夫の一番にはなれない



***

「田淵くん!」


他の先生方より一足早く、谷口先生に連れられて現れた田淵くんの姿を見た瞬間、わたしは大きく息を吐いて胸を撫で下ろした。


無事だった。

けれど、田淵くんの表情はふてくされていて、わたしたちの誰とも目を合わせようとしない。
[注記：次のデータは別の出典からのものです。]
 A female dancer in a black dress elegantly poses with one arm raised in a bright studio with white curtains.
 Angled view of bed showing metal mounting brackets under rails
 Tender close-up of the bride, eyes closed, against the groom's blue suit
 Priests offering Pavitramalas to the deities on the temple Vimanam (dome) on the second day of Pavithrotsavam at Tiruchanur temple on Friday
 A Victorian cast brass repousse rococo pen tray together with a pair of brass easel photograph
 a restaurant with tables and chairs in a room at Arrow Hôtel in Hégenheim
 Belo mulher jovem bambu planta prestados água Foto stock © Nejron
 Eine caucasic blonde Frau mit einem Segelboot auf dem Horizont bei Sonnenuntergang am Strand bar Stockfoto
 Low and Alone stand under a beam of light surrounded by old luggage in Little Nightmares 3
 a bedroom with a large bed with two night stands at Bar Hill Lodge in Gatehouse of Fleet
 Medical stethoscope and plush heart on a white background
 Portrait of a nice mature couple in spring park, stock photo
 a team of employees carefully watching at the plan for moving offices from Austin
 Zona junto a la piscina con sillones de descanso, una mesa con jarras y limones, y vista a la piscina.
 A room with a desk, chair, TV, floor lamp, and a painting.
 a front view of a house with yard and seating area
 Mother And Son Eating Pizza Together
腕を組み、まるで不機嫌な子どものように視線をそらしていた。


「……ありがとうございました、谷口先生」


わたしが頭を下げると、谷口先生は苦笑いを浮かべて首をすくめた。


「いえいえ。たまたまですよ。うちの生徒を探してたら、偶然一緒にいるのを見つけただけですから」

「でも、すぐに連れてきてくださって……本当に助かりました」


谷口先生の落ち着いた物腰に、どこか安心してしまう。

スーツ姿は食事会のときとはまた違った印象で、教師らしい信頼感に満ちていた。


阿部先生がすぐさま田淵くんに声をかけ、椅子に座らせる。

田淵くんは小さく舌打ちをして、あからさまに不満そうな顔で視線を下げた。


「教員総出で探してたんだぞ。……何かあったのか?」


その問いに田淵くんは何も答えない。

代わりに、玄関のドアの方をにらみつけるように見つめていた。


そんな様子を見かねてか、谷口先生がわたしの方を振り返って声を潜める。